[Items from a dataset]
■ ■ ■
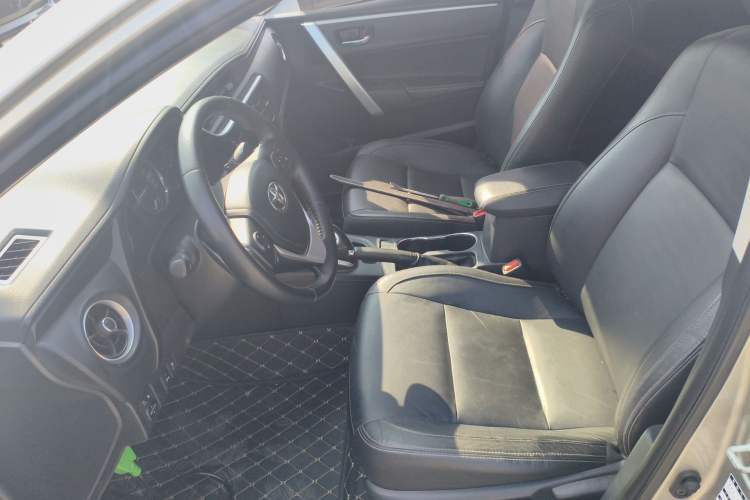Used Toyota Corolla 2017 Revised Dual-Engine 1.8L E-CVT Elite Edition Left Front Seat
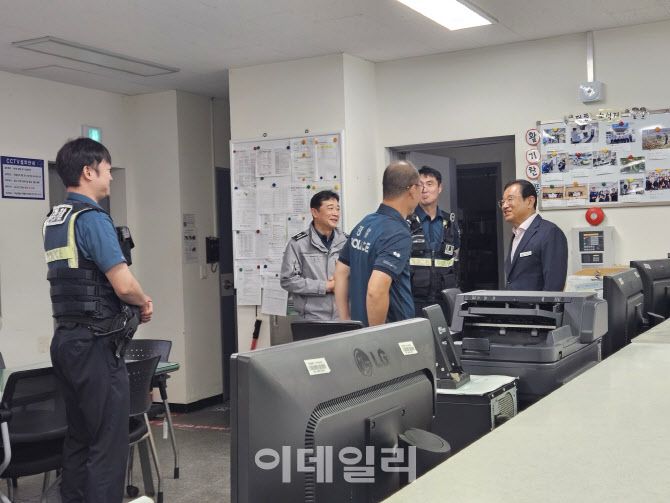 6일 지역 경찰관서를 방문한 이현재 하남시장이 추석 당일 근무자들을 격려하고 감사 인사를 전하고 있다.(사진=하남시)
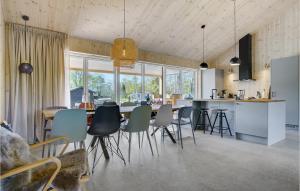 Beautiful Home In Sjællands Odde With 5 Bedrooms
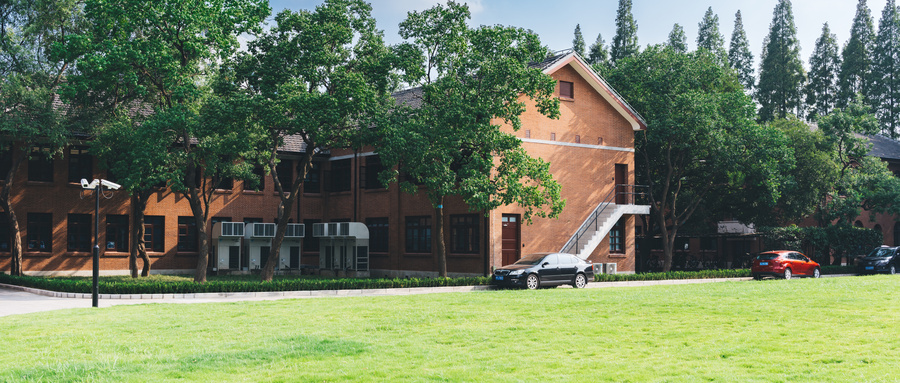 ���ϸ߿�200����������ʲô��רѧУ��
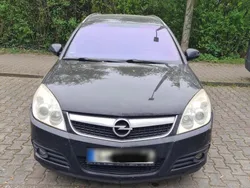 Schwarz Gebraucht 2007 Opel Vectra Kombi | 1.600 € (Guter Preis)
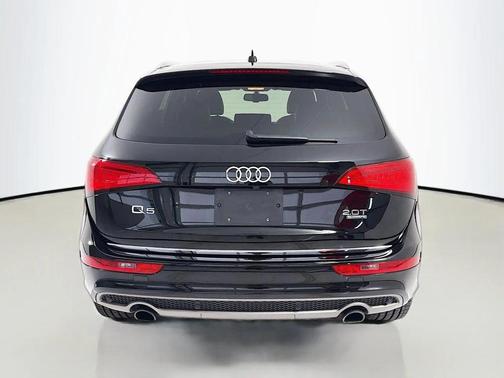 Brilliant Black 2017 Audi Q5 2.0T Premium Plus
■ ■ ■
Copy all entries exactly; skip pictures.

:: Your response ::
Used Toyota Corolla 2017 Revised Dual-Engine 1.8L E-CVT Elite Edition Left Front Seat
 6일 지역 경찰관서를 방문한 이현재 하남시장이 추석 당일 근무자들을 격려하고 감사 인사를 전하고 있다.(사진=하남시)
 Beautiful Home In Sjællands Odde With 5 Bedrooms
 ���ϸ߿�200����������ʲô��רѧУ��
 Schwarz Gebraucht 2007 Opel Vectra Kombi | 1.600 € (Guter Preis)
 Brilliant Black 2017 Audi Q5 2.0T Premium Plus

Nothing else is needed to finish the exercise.